A layer represents a distinct aspect of your project, such as Frontend, Backend, Testing, etc. In Kotli, even the top-level project is considered to be a layer. This is because, in general, and in the future, it can be part of a more complex system.

Layer attributes:

  • id - a unique identifier to distinct this layer from others.
  • name - represents the root folder of the generated layer.
  • namespace - the package name, bundle id, or application id, depending on the context.
  • processorId - the id of the processor used to resolve in the template registry.
  • description - a brief description of the layer.
  • layers - child layers, if applicable.
  • features - features to be included in the layer.

Feature attributes:

  • id - a feature identifier used to find a processor responsible for including or excluding this feature.
  • attributes - input attributes to be used by the processor to customize the feature.

TemplateProcessor

This class is responsible for transforming an input Layer into a set of rules not bound to any specific output structure. The created set of rules is utilized by TemplateGenerator to construct an output structure from the given template, including only the required functionality. Each template is associated with its own TemplateProcessor, and each TemplateProcessor operates exclusively with a single template.
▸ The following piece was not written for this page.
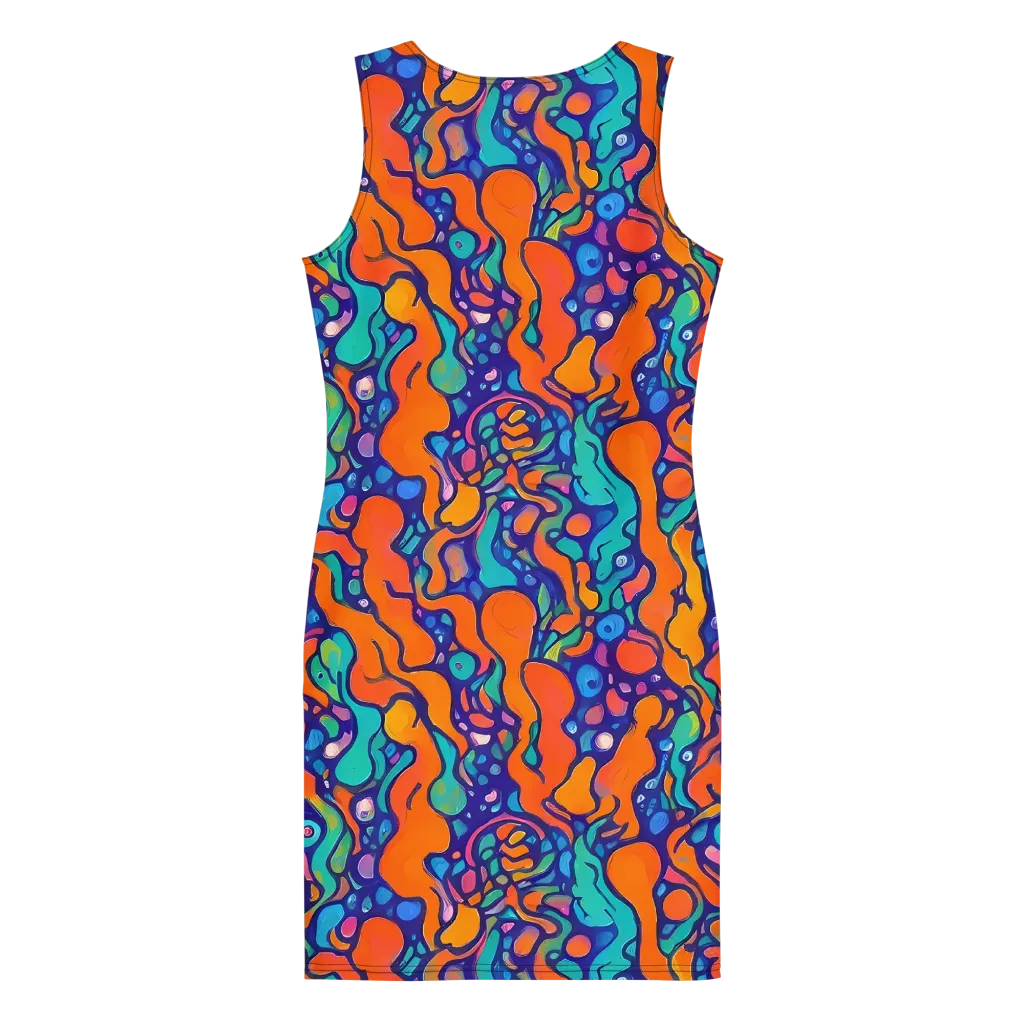 Chromatic Tidal Pool on Bodycon Dress — Back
The high level relationships:

  1. TemplateContext: Represents the execution context for a template. It retains the passed Layer object and accumulates a set of rules to manipulate the initial template structure.
  2. TemplateProcessor: Responsible for processing template.
  3. FeatureProvider: Represents a registry of feature processors with common behavior.
  4. FeatureProcessor: Responsible for creating rules in TemplateContext to apply or remove a given feature in the generated structure.
  5. Rule: Responsible for modifying some specific file in the template.

Rule

It is an essential part of every template processor. Each rule is responsible for making specific changes to a particular file in the template. However, it is not tied to any file it modifies. The engine implements some common rules for file manipulation, and it is possible to create new ones with any logic to operate with template generation more powerfully.

TemplateGenerator

The template generator is utilized to generate the necessary output structure, such as a File, Zip, Database, etc. Usually, there's no need to create other implementations of this class. However, the solution is designed to be flexible, allowing the creation of any other type of output structure if necessary.
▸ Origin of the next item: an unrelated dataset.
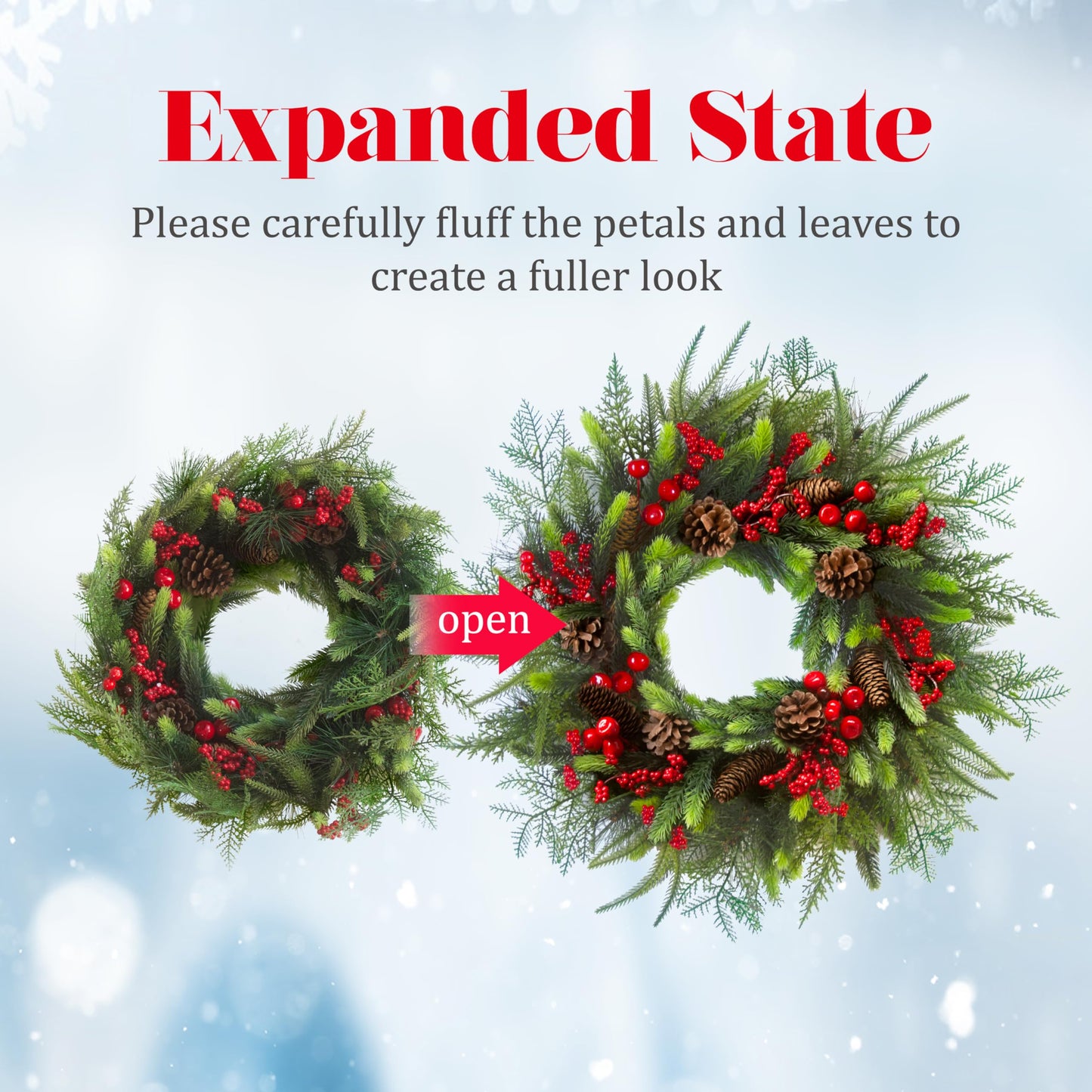 24 Inch Christmas Wreath with Red Berries, Pinecones and Greenery – Artificial Holiday Front Door Cedar Wreath for Farmhouse, Winter Indoor Outdoor Xmas Home Décor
The high level relationships:

  1. TemplateRegistry: Provides TemplateGenerator with all required template processors.
  2. TemplateGenerator: Responsible for producing an output stream from passed metadata. It is associated with:
    • Creation of a TemplateContext from the passed Layer.
    • Processing metadata using set of required TemplateProcessor.
  3. TemplateContext: Represents the execution context for a template.
  4. TemplateProcessor: Responsible for processing templates.
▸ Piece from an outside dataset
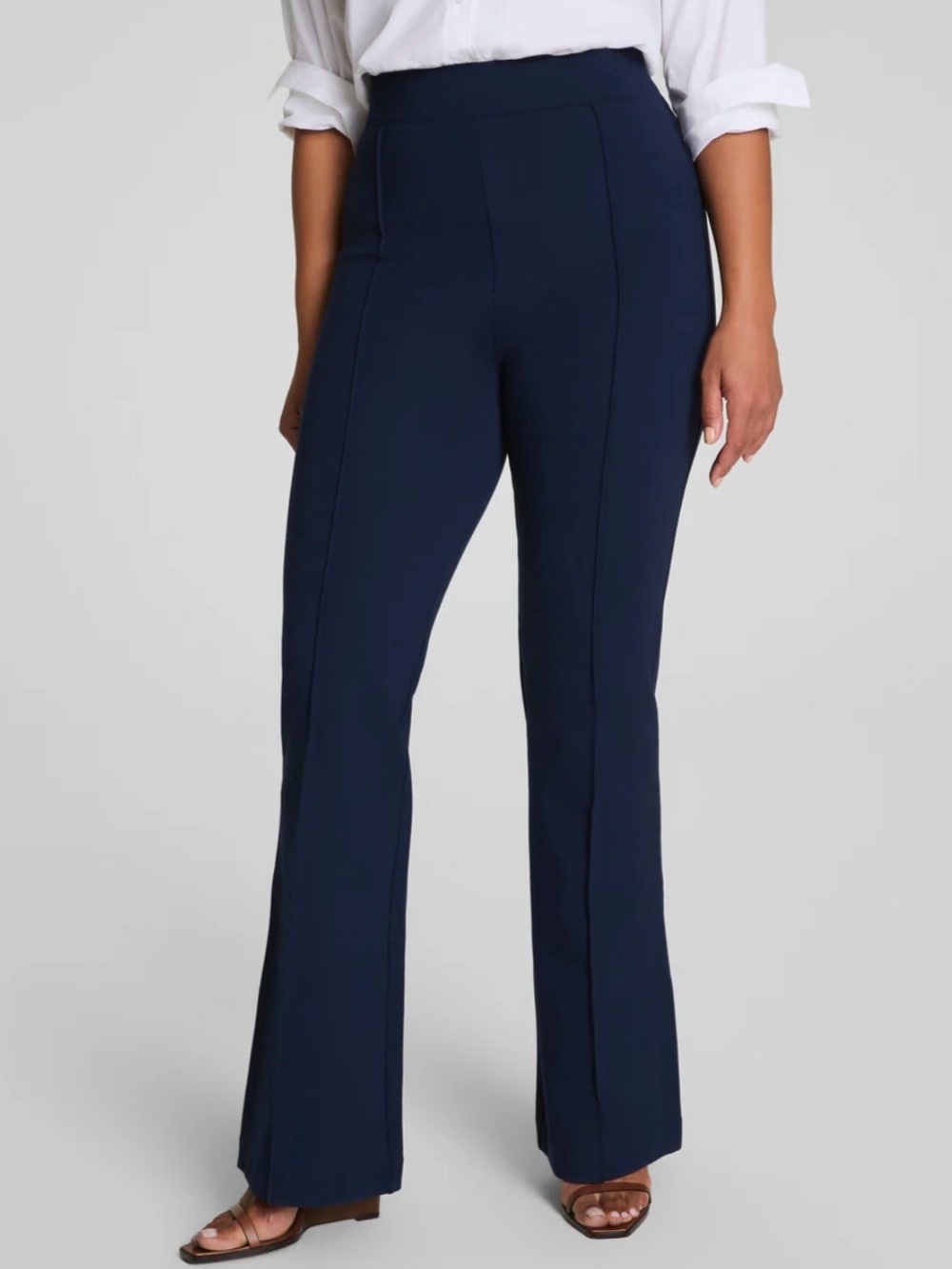 SPANX Perfect Pant High Rise Flare Ponte Navy Blue size XLP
In general, the whole template generation flow looks like this:

The Engine provides out-of-the-box implementations of generators for various output streams and purposes.

PathOutputGenerator

This is the most common implementation, generating the output structure in the provided output folder. By default, the target folder is set as the root directory in an in-memory file structure implementation. It utilizes the provided TemplateRegistry to access template processors.

ZipOutputGenerator

This implementation consumes the output structure from the underlying generator and saves it as a zip archive into the provided output stream.

GradleProjectGenerator

This implementation consumes the output structure and proceeds with the execution of command-line commands, treating the generated structure as a Gradle project. It executes a given set of commands as arguments for the gradlew command. The generation process will only be considered complete after the successful execution of the provided Gradle commands.

 

Keep in mind that the provided generator should produce a file structure on physical storage, ensuring that commands can be executed properly.